| THE DATA |
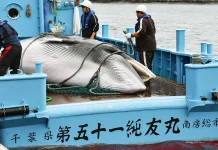 IWC70: Balina avcılığı tasarısı geri çekilirken Türkiye iki koruma kararında çekimser kaldı Japonya, ticari balina avcılığını sürdürebilmek için IWC üyeliğinden ayrılmıştı. Fotoğrafta, balıkçı filoları tarafından öldürülmüş bir mink balinası yer alıyor.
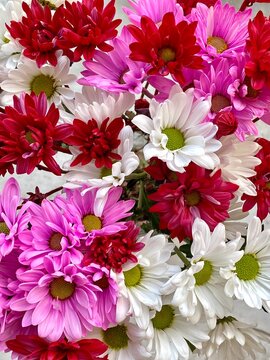 Valentine's Day bouquet of pink, red and white mums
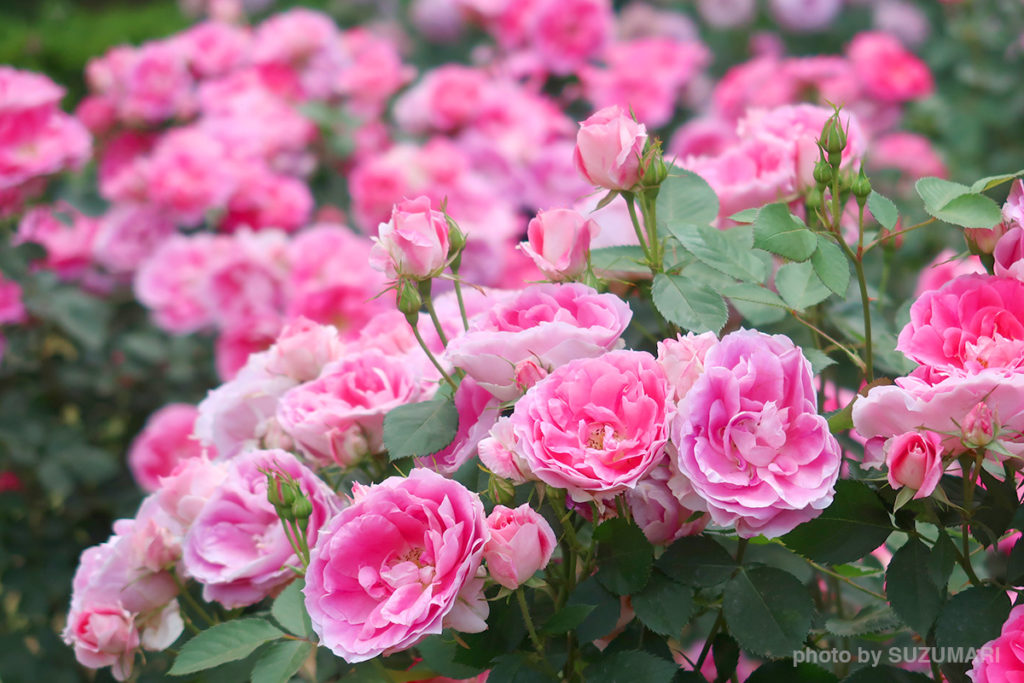 代々木公園の薔薇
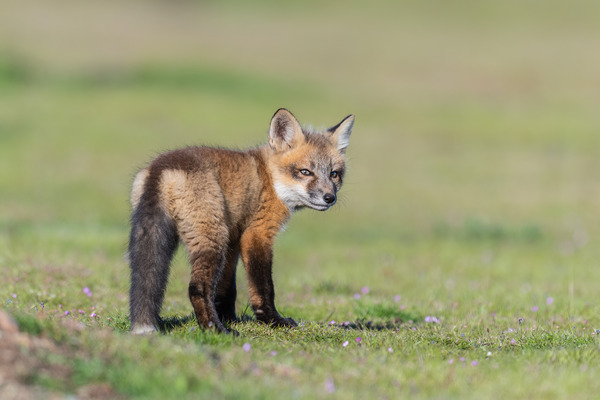 Red Fox Kit Print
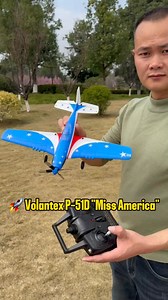 117 reactions · 3 comments |  First Flight! The VolantexRC P-51D...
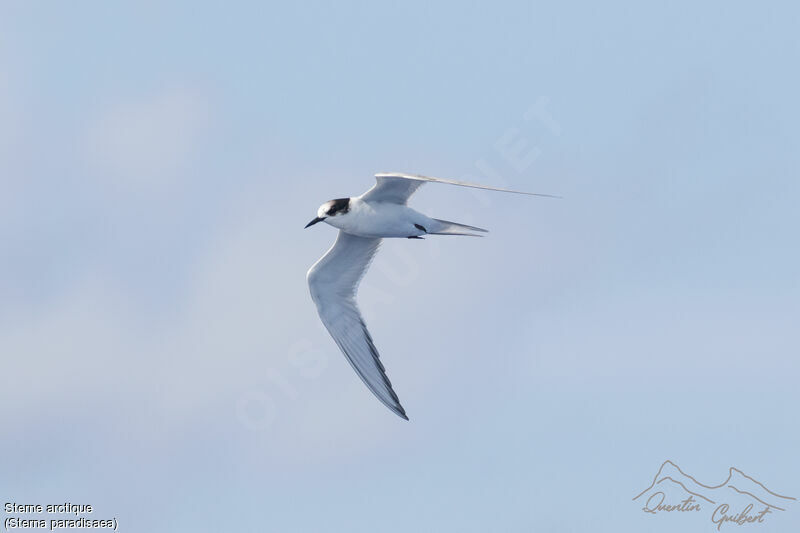 Sterne arctique, identification, Vol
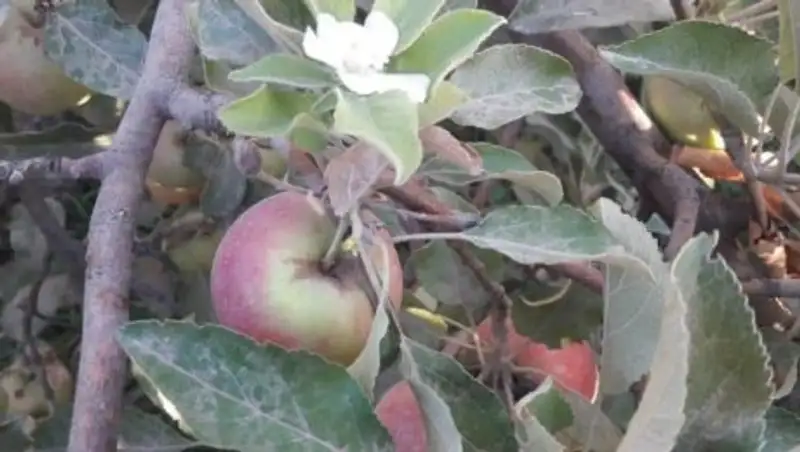 Яблони зацвели в октябре в Шымкенте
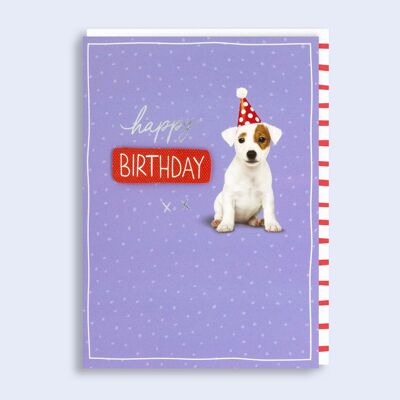 Juste pour dire une carte d'anniversaire de chien mignon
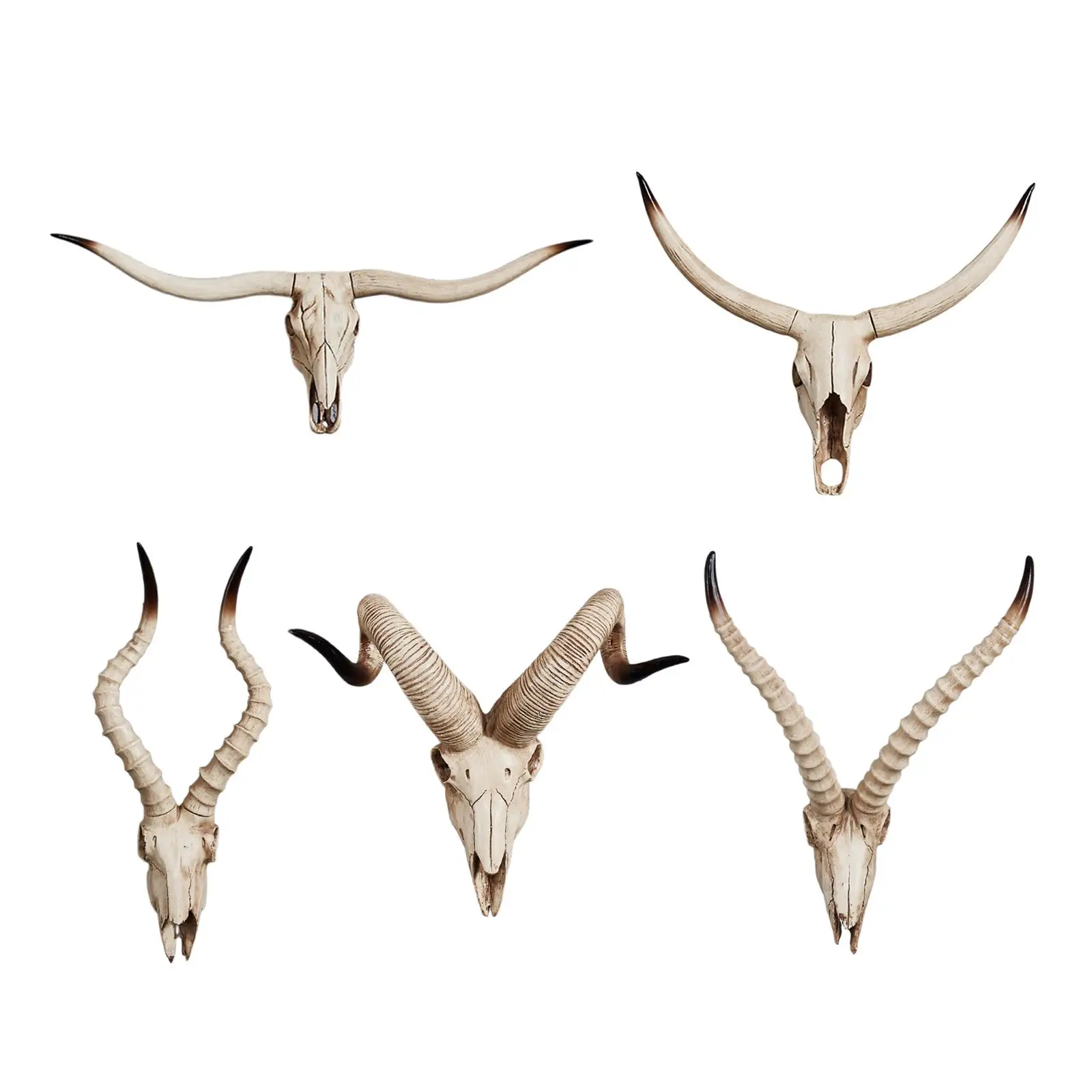 Skull Sheep Head Wall Sculpture Skull Decor Long Horned Decor Skull for Bedroom Wall
Skull Sheep Head Wall Sculpture Skull Decor Long Horned Decor Skull for Bedroom Wall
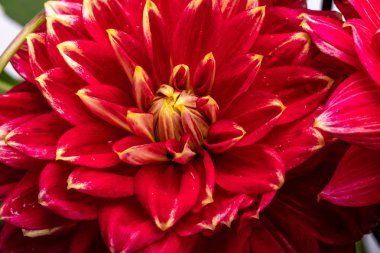 Beyaz arkaplanda kırmızı yıldız çiçeği izole edildi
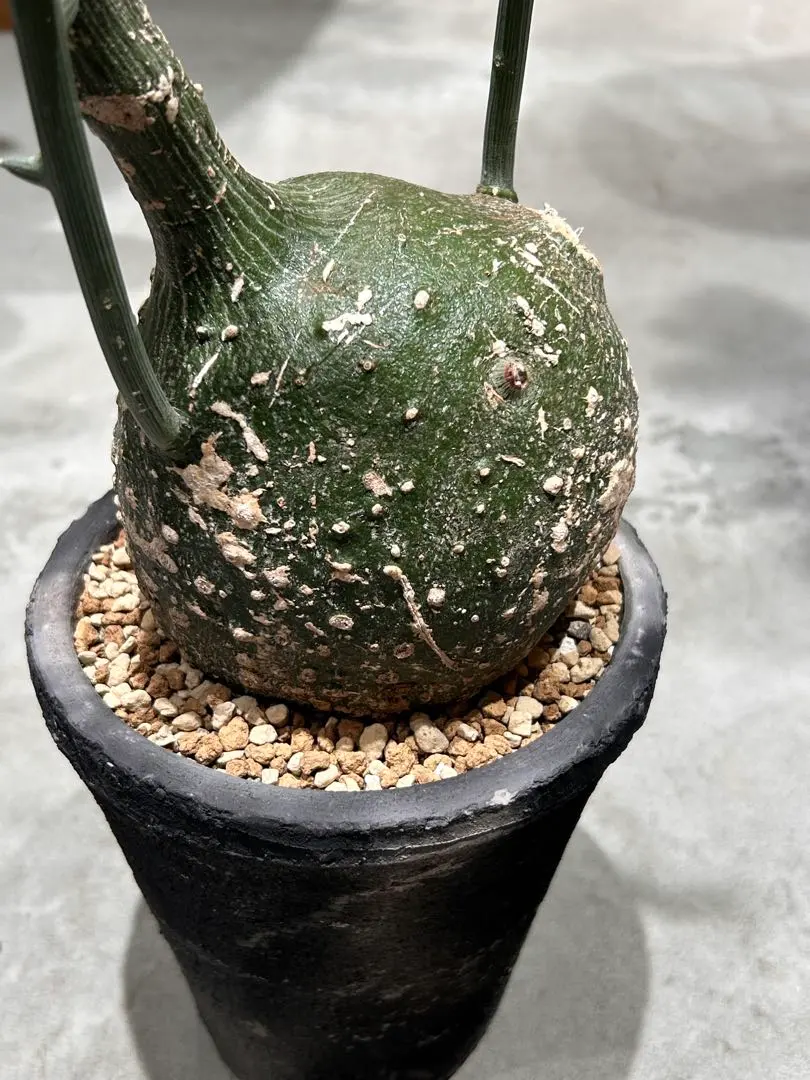 2026年最新】アデニア グロボーサの人気アイテム - メルカリ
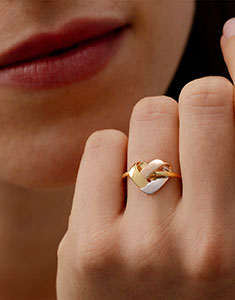 Prezioso Segreto n. 14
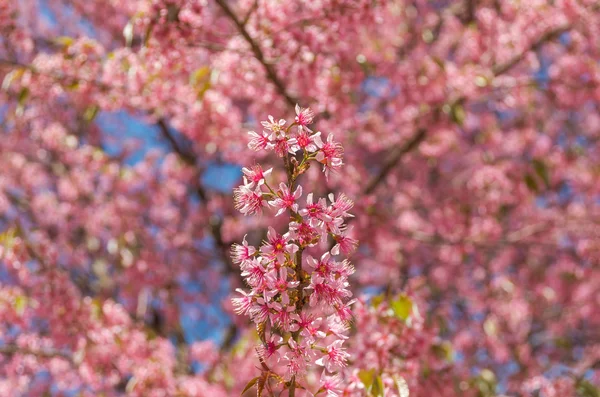 Beautiful Pink Sakura — Stock Photo, Image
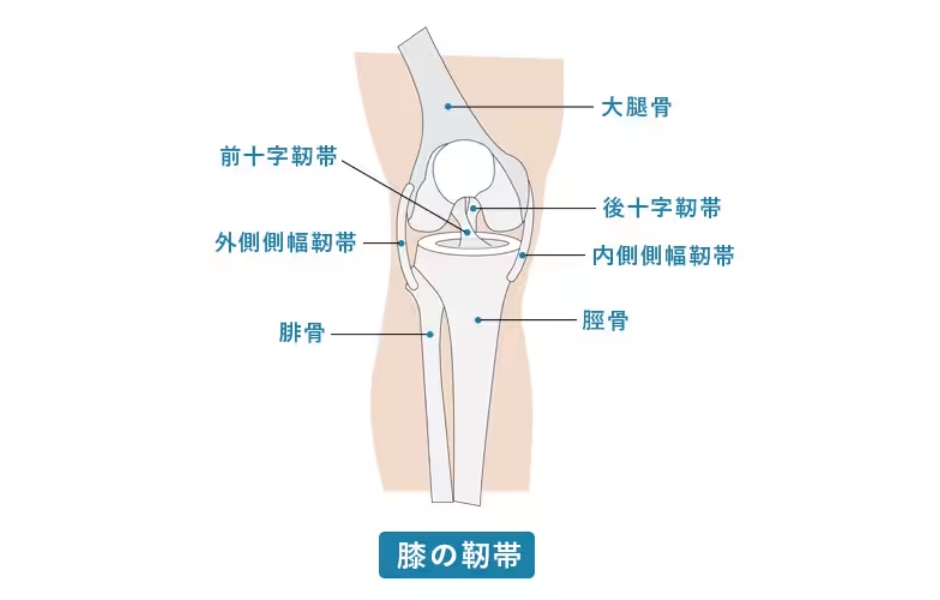 靭帯損傷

| THE PROBLEM |
Once the line holding "117 reactions ·" is found, set it down along with every line after it through the end of the entries, exactly, leaving the pictures out.

| ANSWER TO THIS TASK |
 117 reactions · 3 comments |  First Flight! The VolantexRC P-51D...
 Sterne arctique, identification, Vol
 Яблони зацвели в октябре в Шымкенте
 Juste pour dire une carte d'anniversaire de chien mignon
 Skull Sheep Head Wall Sculpture Skull Decor Long Horned Decor Skull for Bedroom Wall
Skull Sheep Head Wall Sculpture Skull Decor Long Horned Decor Skull for Bedroom Wall
 Beyaz arkaplanda kırmızı yıldız çiçeği izole edildi
 2026年最新】アデニア グロボーサの人気アイテム - メルカリ
 Prezioso Segreto n. 14
 Beautiful Pink Sakura — Stock Photo, Image
 靭帯損傷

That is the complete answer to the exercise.